Records excerpted from a collection
- Opening Delimiter -
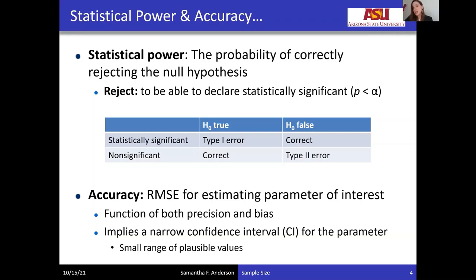On a technical level, an accurate estimate is one that is both unbiased and appropriately precise. But the main message to take away is that an accurate estimate implies that the confidence interval for the parameter is sufficiently narrow, meaning that there is a small range of plausible values for that association.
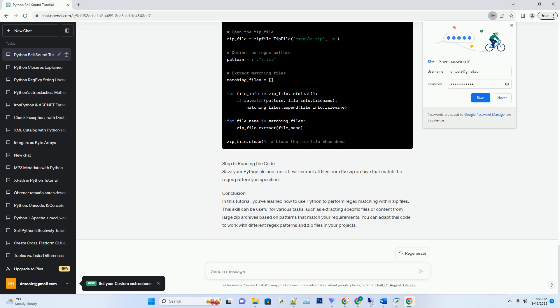Step 2: Open the zip file. To work with a zip file, you need to open it using the zipfile.ZipFile constructor. Replace example.zip with the path to your zip file.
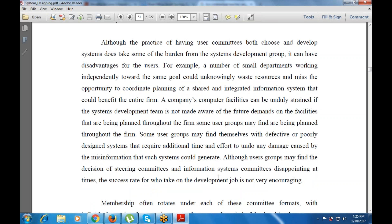User groups may also find decisions of a steering committee disappointing, and the success rate for this method can also be disappointing with respect to the data available.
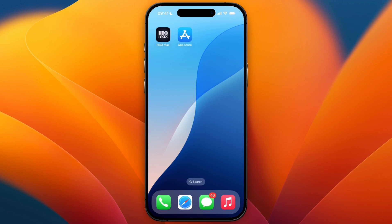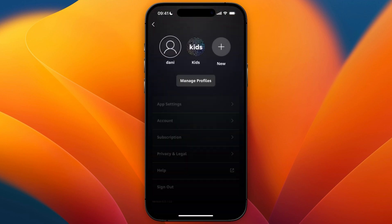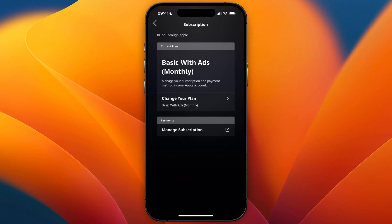The first way is to open up HBO Max and then go to your account section in the top right. From here click on subscription, which is the third section. Here you can see the subscription you are currently on.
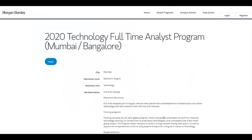Hello everyone. Here is another off-campus opportunity for 2020 BATH students. Morgan Stanley is hiring 2020 BATH students for the Technology Full-Time Analyst Program. The location is Mumbai and Bangalore.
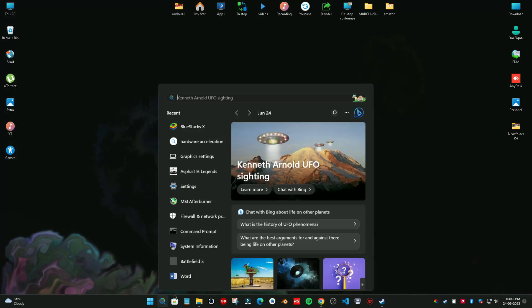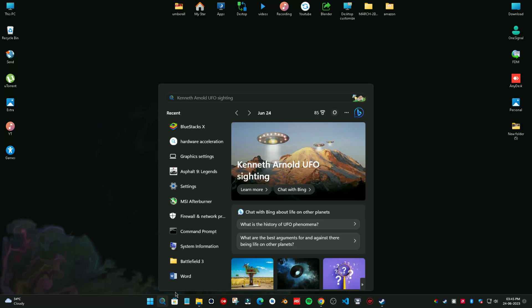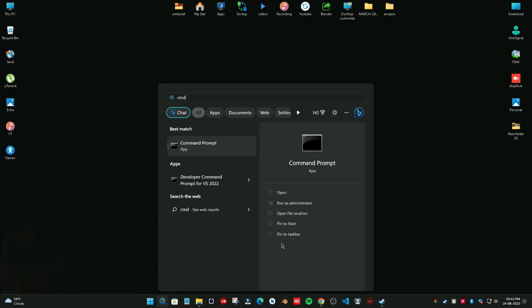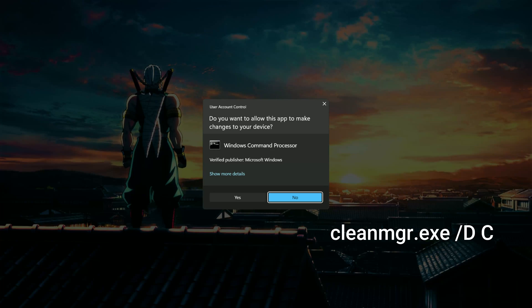Method second. On your home screen type in CMD in the search bar and select Run as Administrator. Once the UAC pops up, click Yes.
- Closing Delimiter -
■ **Task instructions**
Give back each of the records above word for word, apart from the pictures.

■ **Exercise output**
On a technical level, an accurate estimate is one that is both unbiased and appropriately precise. But the main message to take away is that an accurate estimate implies that the confidence interval for the parameter is sufficiently narrow, meaning that there is a small range of plausible values for that association.
Step 2: Open the zip file. To work with a zip file, you need to open it using the zipfile.ZipFile constructor. Replace example.zip with the path to your zip file.
User groups may also find decisions of a steering committee disappointing, and the success rate for this method can also be disappointing with respect to the data available.
The first way is to open up HBO Max and then go to your account section in the top right. From here click on subscription, which is the third section. Here you can see the subscription you are currently on.
Hello everyone. Here is another off-campus opportunity for 2020 BATH students. Morgan Stanley is hiring 2020 BATH students for the Technology Full-Time Analyst Program. The location is Mumbai and Bangalore.
Method second. On your home screen type in CMD in the search bar and select Run as Administrator. Once the UAC pops up, click Yes.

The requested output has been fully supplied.